**Dataset excerpts:**
———
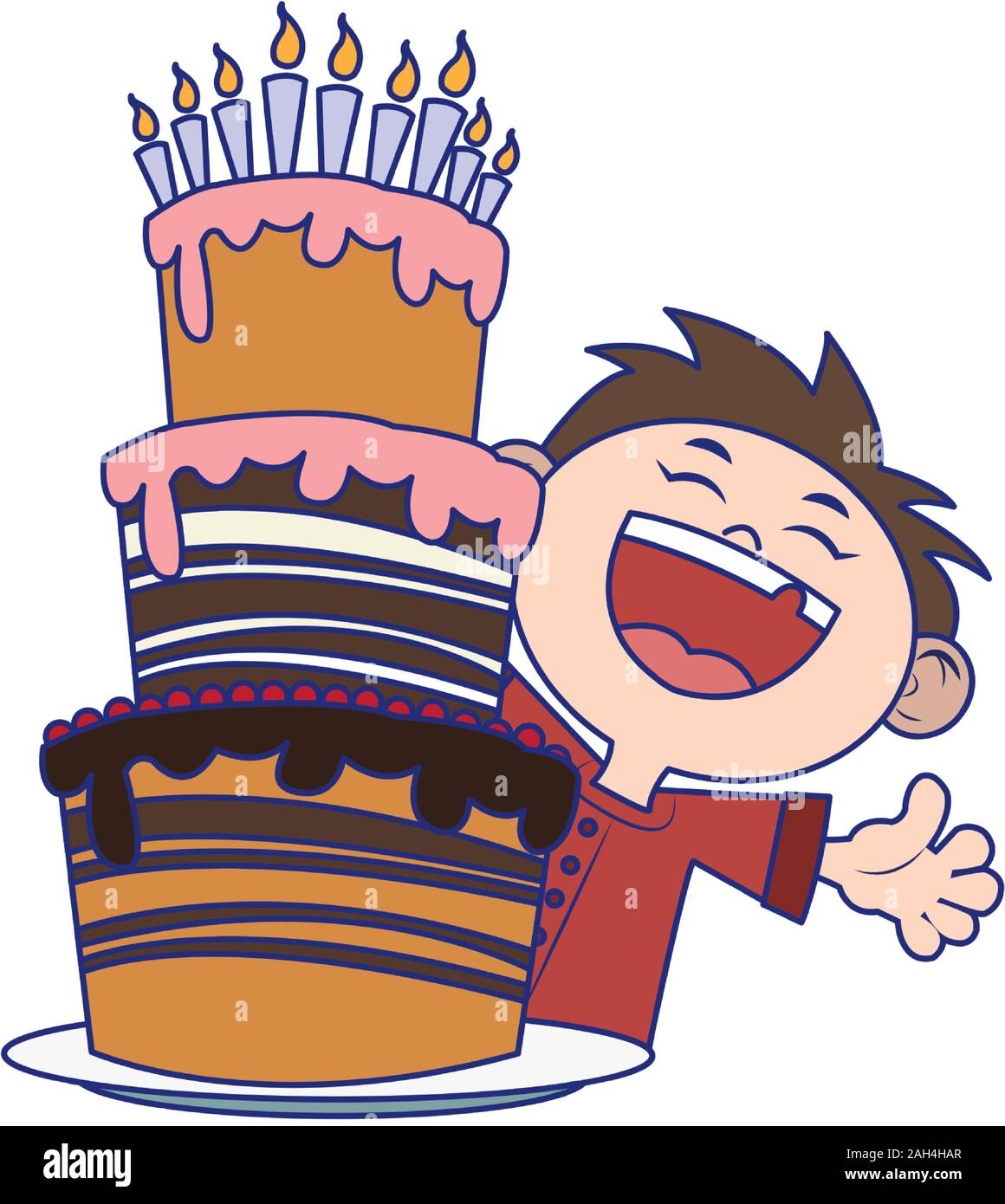 Happy boy with Birthday cake with candles icon over white background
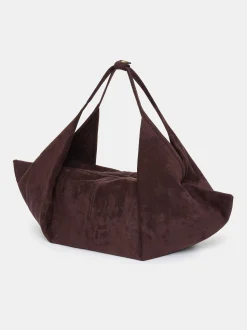 Clothing-Source Unknown Large Fortune Cookie Bag, Suede Brown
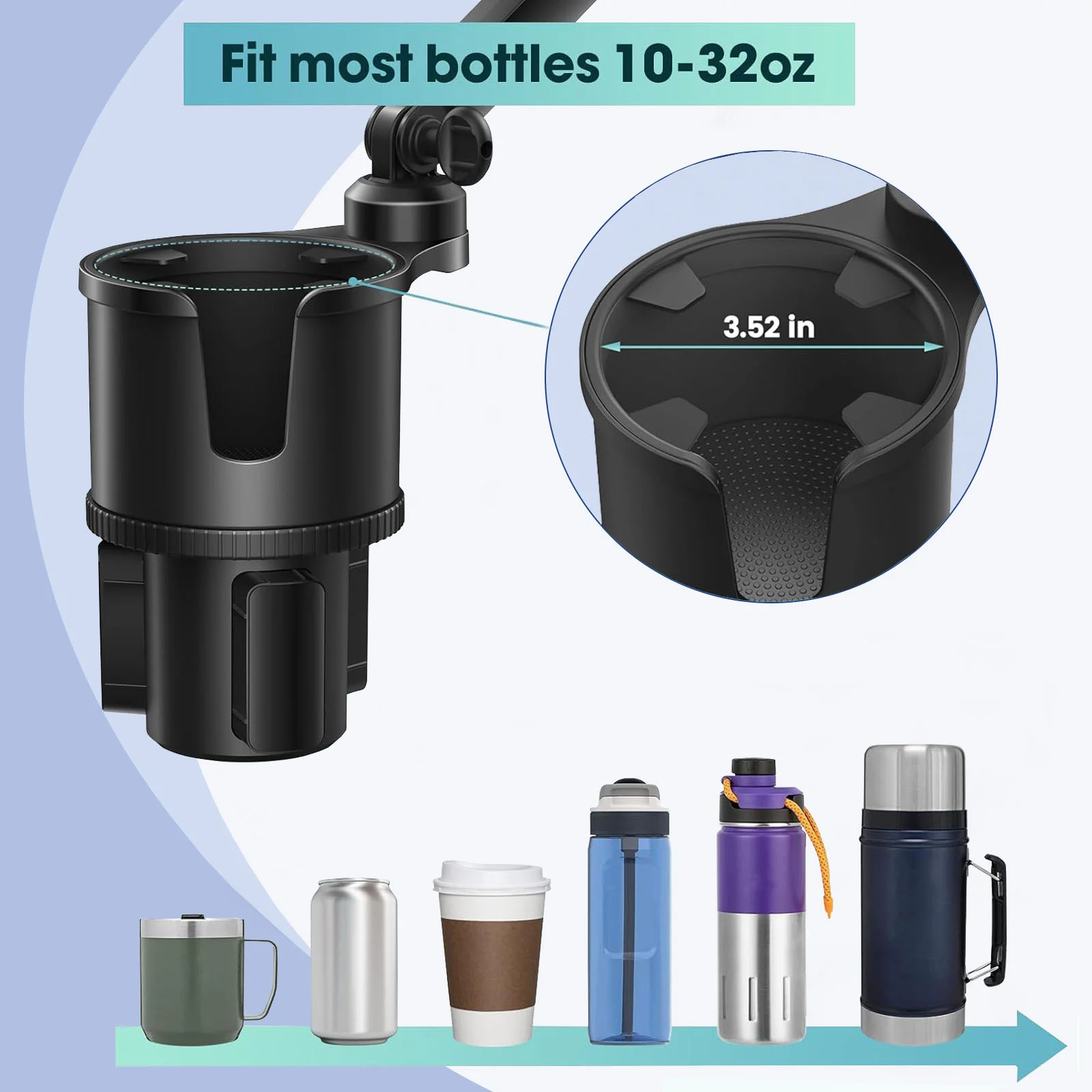 차량용 컵홀더 확장기 360 ° 회전식 차량용 핸드폰 거치대 조절 가능한 다기능 대형 컵홀더 차량용 컵홀더 스탠드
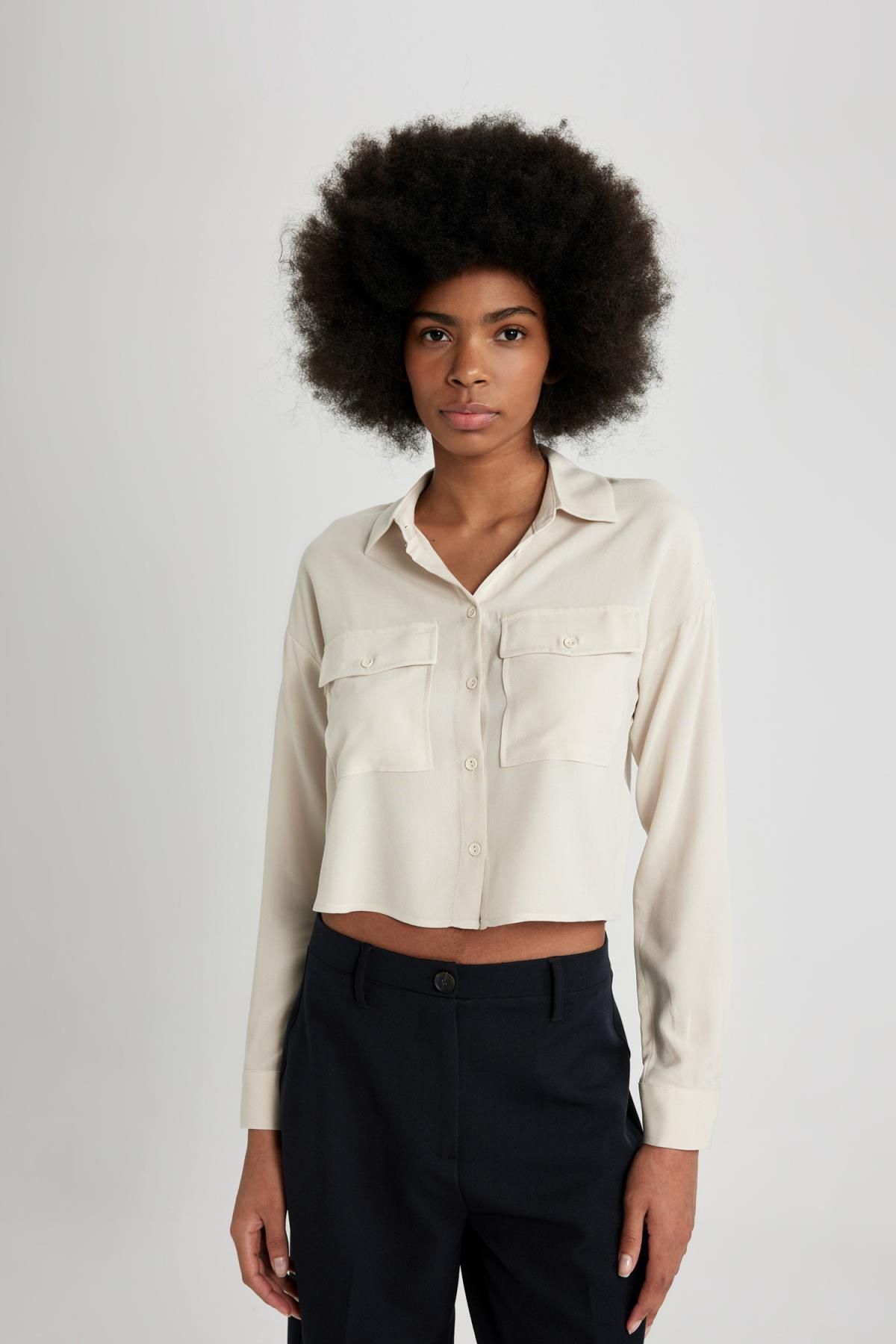 DEFACTO Regular Fit Long Sleeve Crop Shirt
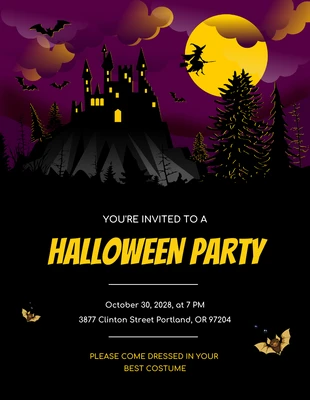 Free  Template: Convite moderno e colorido para festa Hallowen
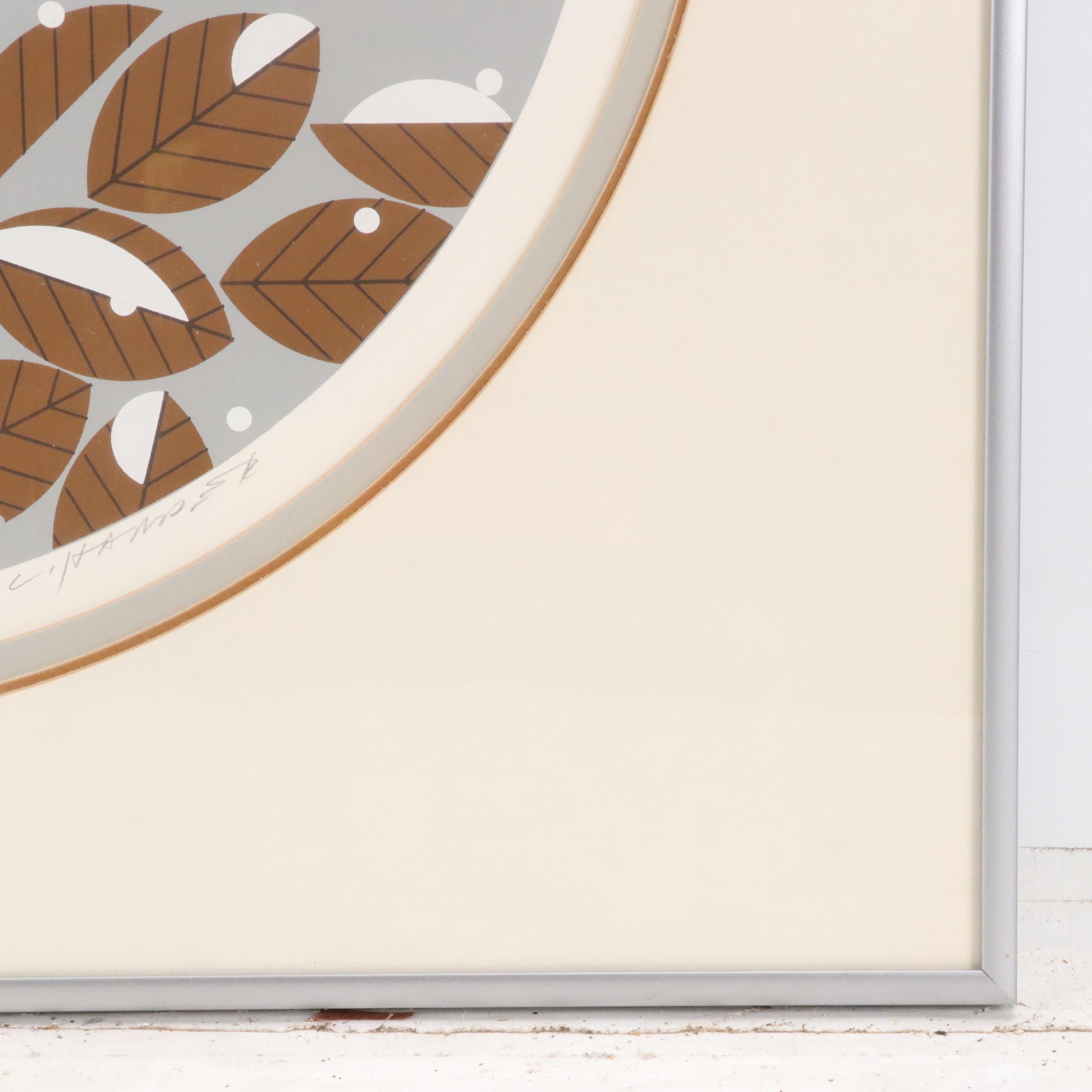 Charley Harper Modernist Serigraph "Brrrrrdbath," 1986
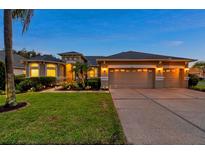 Stunning home featuring a manicured lawn and a spacious three-car garage, perfect for a growing Gathering at 31646 Baymont Loop, Wesley Chapel, FL 33543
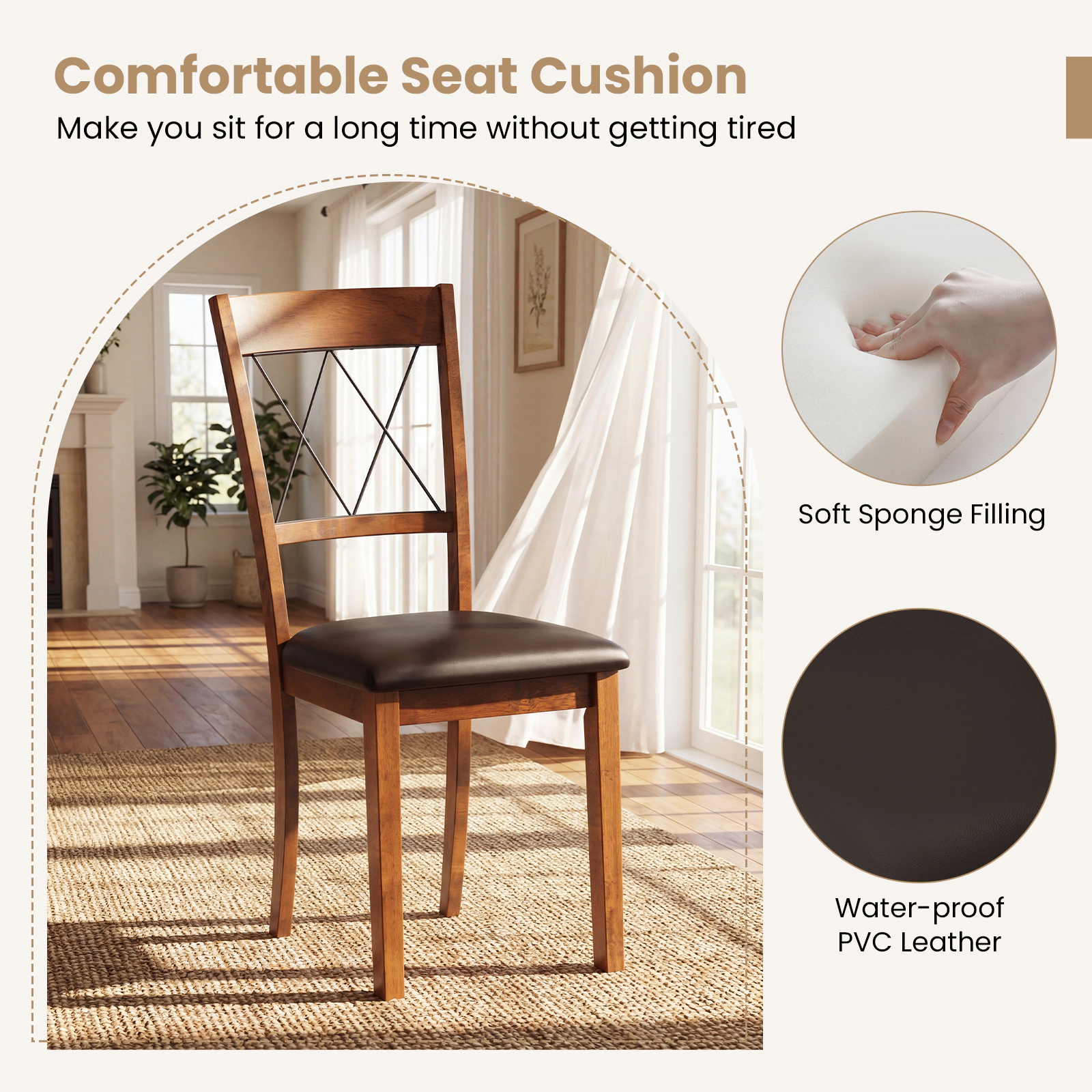 LJG Dining Chair Set of 2 Fabric Upholstered Kitchen Armless Chairs with Rubber Wood Frame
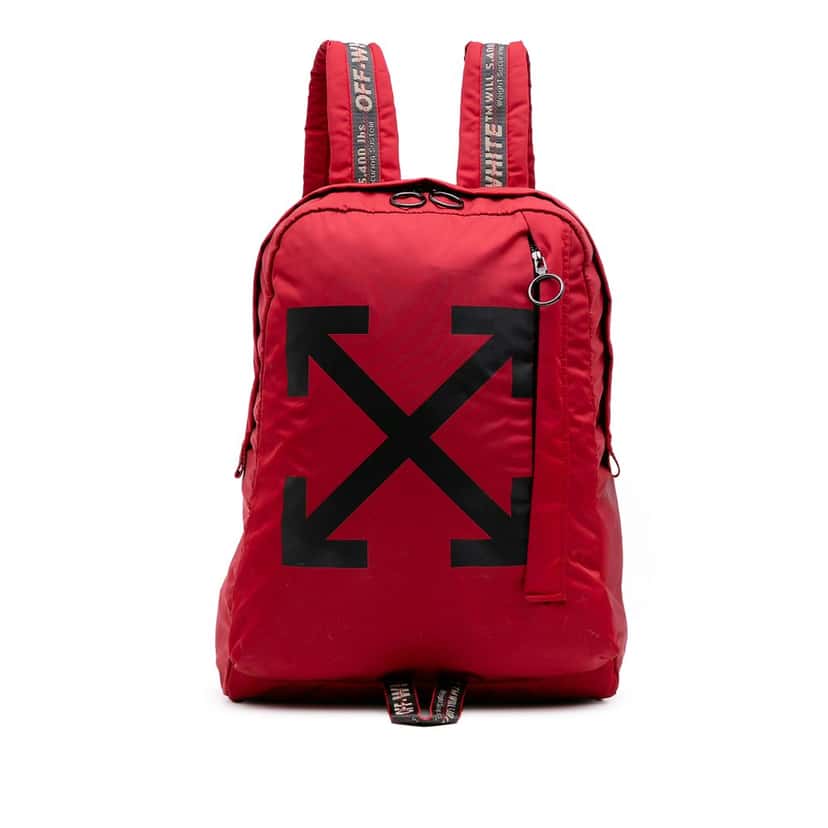 Off-white Nylon Arrows Backpack Red Good condition - Front View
———
**Directions:**
Only the pictures should be left out; write out everything else in the records exactly.

**Task result:**
 Happy boy with Birthday cake with candles icon over white background
 Clothing-Source Unknown Large Fortune Cookie Bag, Suede Brown
 차량용 컵홀더 확장기 360 ° 회전식 차량용 핸드폰 거치대 조절 가능한 다기능 대형 컵홀더 차량용 컵홀더 스탠드
 DEFACTO Regular Fit Long Sleeve Crop Shirt
 Free  Template: Convite moderno e colorido para festa Hallowen
 Charley Harper Modernist Serigraph "Brrrrrdbath," 1986
 Stunning home featuring a manicured lawn and a spacious three-car garage, perfect for a growing Gathering at 31646 Baymont Loop, Wesley Chapel, FL 33543
 LJG Dining Chair Set of 2 Fabric Upholstered Kitchen Armless Chairs with Rubber Wood Frame
 Off-white Nylon Arrows Backpack Red Good condition - Front View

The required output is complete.